You can ask Caroline Seitz why her Nile monitor has a four-inch-long forked tongue. What makes her albino Burmese python so pale. Or how old her big African spurred tortoise will live to be. Just don't ask her what kind of snake lived in the Garden of Eden.
For that is where pleasure meets business for Seitz, founder and owner of Reptiles Alive! -- and business must come first. Smiling and enthusiastic, Seitz and her staff of three relish the challenge of showing kids and adults in their many area presentations that snakes don't bite unless threatened, that iguanas are fascinating but not much fun and that turtles are more fragile than they look. The finer points of public relations -- fielding questions involving evolution, the animals' need to mate and the like -- are more an acquired skill.
But tough questions or not, the 32-year-old Seitz, whose confidence makes her seem taller than the 5-foot, size 21/2 hiking boot-wearer she really is, wants nothing more than to share her abiding fascination with the world. When she was a child in Northern Virginia, she kept snakes, lizards and turtles, typically found in her back yard, if only for a few weeks before letting them go. Building a business around them just followed naturally.
So she climbs in her black and yellow van many times a week, with select live snakes, lizards, caimans, turtles, tarantulas, scorpions, hissing cockroaches and even slugs in cages and plastic storage bins, and goes to nature centers, libraries, schools and parties to introduce the public to the animals.

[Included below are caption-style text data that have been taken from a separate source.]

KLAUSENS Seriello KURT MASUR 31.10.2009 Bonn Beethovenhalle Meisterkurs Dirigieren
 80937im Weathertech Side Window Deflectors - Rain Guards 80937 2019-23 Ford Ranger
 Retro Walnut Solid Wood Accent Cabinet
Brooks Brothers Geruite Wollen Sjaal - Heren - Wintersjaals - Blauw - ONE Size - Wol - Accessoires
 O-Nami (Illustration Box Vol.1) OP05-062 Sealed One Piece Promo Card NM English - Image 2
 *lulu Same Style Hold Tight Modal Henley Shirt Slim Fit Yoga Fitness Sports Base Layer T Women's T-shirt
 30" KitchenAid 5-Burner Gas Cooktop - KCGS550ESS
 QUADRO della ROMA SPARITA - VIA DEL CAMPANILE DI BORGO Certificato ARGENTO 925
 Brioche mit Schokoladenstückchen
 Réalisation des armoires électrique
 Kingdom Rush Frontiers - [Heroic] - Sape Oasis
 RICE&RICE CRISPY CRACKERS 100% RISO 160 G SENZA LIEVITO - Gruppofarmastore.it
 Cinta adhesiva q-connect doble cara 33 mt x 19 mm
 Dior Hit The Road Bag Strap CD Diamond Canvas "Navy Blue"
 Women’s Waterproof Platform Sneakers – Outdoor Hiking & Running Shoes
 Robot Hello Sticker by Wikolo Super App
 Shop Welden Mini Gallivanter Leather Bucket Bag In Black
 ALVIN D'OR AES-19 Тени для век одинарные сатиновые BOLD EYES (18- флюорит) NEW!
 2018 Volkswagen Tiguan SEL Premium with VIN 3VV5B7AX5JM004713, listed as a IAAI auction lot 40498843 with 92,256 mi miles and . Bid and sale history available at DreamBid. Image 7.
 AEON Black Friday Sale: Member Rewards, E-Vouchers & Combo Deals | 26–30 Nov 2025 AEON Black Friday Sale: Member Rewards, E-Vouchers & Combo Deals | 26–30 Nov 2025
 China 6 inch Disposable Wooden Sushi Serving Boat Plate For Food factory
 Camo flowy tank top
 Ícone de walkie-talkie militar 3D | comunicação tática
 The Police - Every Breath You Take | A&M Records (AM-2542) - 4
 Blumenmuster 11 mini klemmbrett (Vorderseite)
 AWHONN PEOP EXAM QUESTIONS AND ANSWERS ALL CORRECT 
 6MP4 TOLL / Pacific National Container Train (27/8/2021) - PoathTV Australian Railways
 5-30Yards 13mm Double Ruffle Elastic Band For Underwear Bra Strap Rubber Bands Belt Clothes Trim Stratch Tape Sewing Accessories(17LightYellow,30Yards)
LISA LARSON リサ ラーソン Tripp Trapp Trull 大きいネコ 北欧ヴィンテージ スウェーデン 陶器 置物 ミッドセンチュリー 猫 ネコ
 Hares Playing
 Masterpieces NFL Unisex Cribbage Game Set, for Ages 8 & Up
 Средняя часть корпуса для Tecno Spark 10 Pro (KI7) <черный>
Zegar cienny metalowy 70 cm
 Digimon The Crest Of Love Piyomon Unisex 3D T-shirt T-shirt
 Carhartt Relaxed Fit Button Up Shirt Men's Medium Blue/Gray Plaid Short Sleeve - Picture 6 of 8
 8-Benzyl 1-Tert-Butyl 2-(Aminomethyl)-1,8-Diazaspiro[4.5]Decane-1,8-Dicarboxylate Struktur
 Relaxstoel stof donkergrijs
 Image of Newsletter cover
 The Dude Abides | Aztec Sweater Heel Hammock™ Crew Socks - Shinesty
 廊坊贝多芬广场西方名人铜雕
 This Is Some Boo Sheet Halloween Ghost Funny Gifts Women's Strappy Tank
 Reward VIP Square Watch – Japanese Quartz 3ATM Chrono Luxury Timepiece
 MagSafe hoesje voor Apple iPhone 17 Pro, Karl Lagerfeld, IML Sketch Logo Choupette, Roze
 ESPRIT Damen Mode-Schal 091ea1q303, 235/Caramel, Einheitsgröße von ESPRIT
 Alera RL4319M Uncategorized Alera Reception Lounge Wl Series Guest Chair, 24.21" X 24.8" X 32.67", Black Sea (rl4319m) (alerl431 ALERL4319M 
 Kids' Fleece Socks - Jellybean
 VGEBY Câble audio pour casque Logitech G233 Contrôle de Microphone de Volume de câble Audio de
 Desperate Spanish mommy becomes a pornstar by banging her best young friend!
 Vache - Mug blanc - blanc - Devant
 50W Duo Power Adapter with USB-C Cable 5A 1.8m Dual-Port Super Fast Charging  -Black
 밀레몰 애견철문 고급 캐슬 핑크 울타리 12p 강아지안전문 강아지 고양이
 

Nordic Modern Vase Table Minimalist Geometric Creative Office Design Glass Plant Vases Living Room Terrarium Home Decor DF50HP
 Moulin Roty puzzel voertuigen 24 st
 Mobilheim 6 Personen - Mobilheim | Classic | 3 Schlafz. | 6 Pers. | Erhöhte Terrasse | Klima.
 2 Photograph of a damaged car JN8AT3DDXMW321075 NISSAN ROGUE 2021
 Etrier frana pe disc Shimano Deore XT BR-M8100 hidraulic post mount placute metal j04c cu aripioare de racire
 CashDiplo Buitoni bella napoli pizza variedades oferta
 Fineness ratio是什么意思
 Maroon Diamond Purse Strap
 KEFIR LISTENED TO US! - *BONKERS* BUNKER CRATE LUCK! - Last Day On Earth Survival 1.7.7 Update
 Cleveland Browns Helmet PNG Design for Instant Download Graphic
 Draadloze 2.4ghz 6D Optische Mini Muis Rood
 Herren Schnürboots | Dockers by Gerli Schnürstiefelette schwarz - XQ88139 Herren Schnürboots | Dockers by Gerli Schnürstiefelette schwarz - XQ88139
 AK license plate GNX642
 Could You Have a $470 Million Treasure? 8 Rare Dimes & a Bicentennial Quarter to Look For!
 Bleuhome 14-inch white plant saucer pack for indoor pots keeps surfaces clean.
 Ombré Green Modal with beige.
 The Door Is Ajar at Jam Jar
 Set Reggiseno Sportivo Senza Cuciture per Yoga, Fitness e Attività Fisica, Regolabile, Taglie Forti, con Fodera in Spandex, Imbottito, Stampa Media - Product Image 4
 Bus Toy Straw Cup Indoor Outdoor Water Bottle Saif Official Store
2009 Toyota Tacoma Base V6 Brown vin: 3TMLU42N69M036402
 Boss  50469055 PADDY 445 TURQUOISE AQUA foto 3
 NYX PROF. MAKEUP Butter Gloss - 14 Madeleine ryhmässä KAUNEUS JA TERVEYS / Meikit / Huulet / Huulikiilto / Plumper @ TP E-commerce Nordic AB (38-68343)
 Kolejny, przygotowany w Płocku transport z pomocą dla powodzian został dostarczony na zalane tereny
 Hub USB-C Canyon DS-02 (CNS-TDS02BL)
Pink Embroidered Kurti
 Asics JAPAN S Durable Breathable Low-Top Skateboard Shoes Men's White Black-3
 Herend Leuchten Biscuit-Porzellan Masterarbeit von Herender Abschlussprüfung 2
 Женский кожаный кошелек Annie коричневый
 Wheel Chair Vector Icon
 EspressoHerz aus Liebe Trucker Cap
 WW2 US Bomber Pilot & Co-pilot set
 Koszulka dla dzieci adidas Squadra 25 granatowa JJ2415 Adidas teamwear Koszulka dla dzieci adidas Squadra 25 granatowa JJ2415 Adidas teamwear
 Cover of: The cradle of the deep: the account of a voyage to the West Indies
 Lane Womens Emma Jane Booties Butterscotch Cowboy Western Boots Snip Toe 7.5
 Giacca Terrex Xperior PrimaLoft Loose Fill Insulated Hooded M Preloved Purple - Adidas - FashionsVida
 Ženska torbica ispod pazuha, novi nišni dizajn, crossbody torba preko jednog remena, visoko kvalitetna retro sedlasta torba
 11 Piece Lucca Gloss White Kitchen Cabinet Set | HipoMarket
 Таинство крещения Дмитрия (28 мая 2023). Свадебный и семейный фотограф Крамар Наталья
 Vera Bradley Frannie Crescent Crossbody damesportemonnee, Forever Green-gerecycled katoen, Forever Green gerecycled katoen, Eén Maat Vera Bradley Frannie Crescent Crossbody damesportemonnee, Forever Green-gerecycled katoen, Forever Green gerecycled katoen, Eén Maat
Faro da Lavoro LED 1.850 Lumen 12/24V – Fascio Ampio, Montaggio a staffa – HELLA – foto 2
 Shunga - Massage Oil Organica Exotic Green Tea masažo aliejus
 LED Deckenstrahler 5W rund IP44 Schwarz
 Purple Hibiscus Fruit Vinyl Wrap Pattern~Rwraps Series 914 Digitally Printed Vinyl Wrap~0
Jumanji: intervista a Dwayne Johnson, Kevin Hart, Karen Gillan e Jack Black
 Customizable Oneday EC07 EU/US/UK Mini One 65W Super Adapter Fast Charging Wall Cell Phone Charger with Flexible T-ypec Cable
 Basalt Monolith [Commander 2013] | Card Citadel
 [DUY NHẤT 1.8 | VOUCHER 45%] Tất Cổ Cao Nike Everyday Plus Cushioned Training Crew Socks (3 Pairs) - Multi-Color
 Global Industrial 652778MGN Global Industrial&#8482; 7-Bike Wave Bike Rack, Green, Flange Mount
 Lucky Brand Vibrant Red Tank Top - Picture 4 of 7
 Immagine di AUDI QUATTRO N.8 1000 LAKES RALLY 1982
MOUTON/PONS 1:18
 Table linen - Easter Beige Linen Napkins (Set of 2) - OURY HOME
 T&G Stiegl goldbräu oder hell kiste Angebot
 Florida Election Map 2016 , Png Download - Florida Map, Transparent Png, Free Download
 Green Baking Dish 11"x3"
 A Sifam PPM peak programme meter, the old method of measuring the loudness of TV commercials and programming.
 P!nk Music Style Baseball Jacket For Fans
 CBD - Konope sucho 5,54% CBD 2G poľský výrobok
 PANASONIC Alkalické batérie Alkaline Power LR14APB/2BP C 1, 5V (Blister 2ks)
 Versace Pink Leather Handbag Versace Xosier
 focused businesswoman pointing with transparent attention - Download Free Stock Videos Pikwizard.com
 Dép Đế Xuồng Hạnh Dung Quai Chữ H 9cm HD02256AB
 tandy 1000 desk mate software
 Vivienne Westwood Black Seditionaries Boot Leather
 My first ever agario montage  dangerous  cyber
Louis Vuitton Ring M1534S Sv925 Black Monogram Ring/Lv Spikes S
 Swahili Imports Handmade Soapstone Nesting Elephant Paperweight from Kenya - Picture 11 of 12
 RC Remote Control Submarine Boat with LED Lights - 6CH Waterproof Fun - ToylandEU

An avid fan of the movie "Rikki-Tikki-Tavi," the 1975 animation in which a young mongoose protects its human family from two venomous cobras, Seitz started out with more mundane species, such as a corn snake, at her Annandale home. As a young girl, she was fascinated with a local animal show given by Dennis and Carole Moore. Seitz went to all their shows and sent them fan mail. (The Moores have since moved to Florida.)
Seitz, who has a degree in speech communication and did graduate work in herpetology, the study of reptiles and amphibians, acknowledges the paradox in taking tamed wild animals out for public shows as a way of teaching people that it's not generally advisable to keep them as pets, or even to touch them in some cases. But she and other professional reptile-handlers see a distinction between keeping them for education or rehabilitation, both of which Reptiles Alive! does, and keeping them as pets or for breeding.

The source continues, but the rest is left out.